:: Given material ::

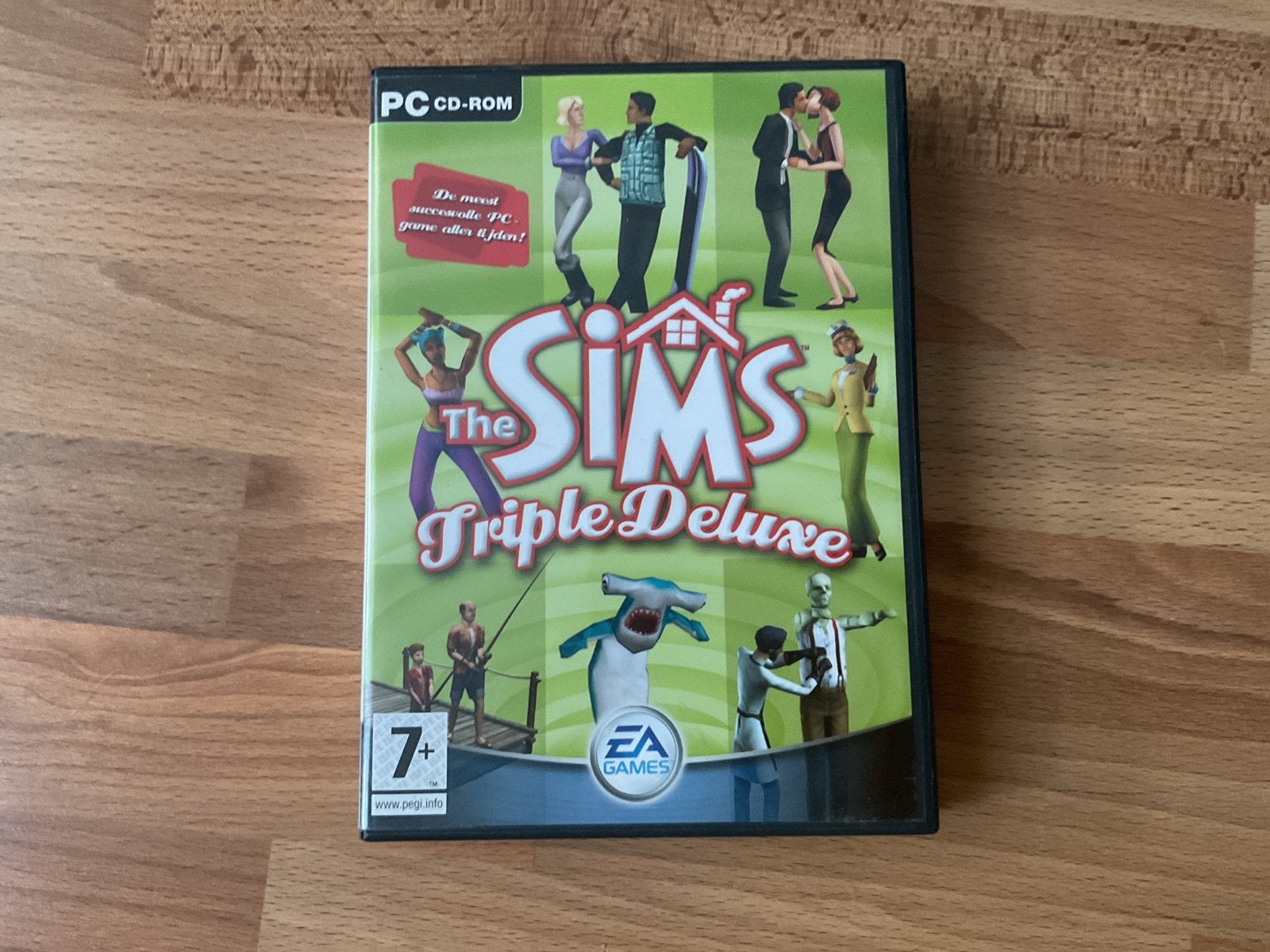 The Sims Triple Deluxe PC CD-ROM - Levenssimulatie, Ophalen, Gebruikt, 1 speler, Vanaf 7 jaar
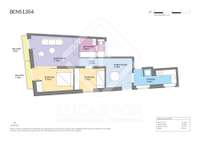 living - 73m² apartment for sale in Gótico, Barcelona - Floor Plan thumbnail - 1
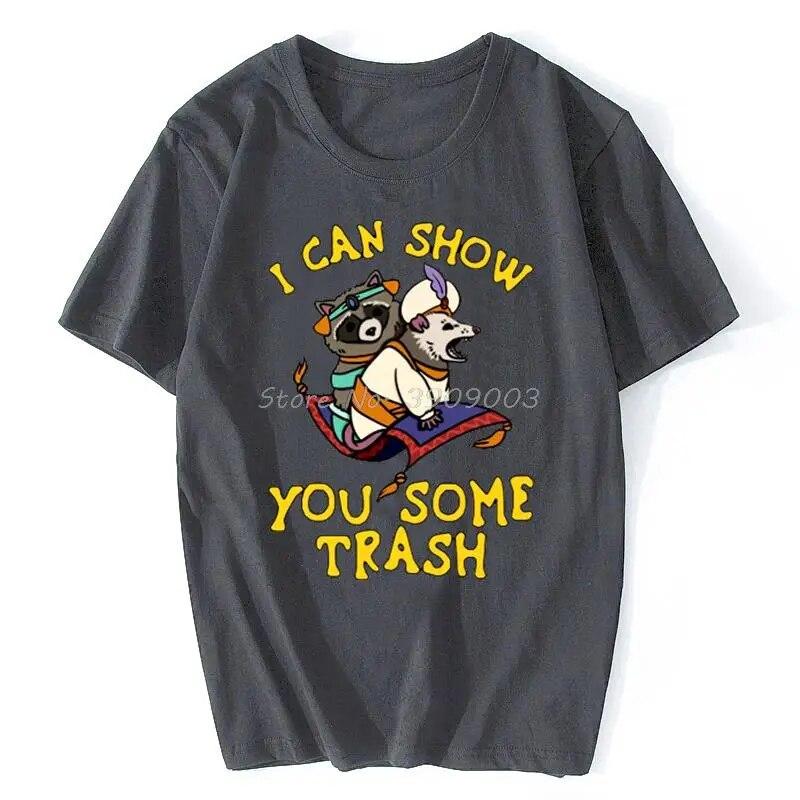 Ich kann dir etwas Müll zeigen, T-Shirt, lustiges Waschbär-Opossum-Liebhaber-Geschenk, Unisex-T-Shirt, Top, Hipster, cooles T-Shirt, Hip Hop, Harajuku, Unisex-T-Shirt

:::

Exercise:
Retype all the data exactly, please, without pictures.

Written solution:
 The Sims Triple Deluxe PC CD-ROM - Levenssimulatie, Ophalen, Gebruikt, 1 speler, Vanaf 7 jaar
 living - 73m² apartment for sale in Gótico, Barcelona - Floor Plan thumbnail - 1
 Ich kann dir etwas Müll zeigen, T-Shirt, lustiges Waschbär-Opossum-Liebhaber-Geschenk, Unisex-T-Shirt, Top, Hipster, cooles T-Shirt, Hip Hop, Harajuku, Unisex-T-Shirt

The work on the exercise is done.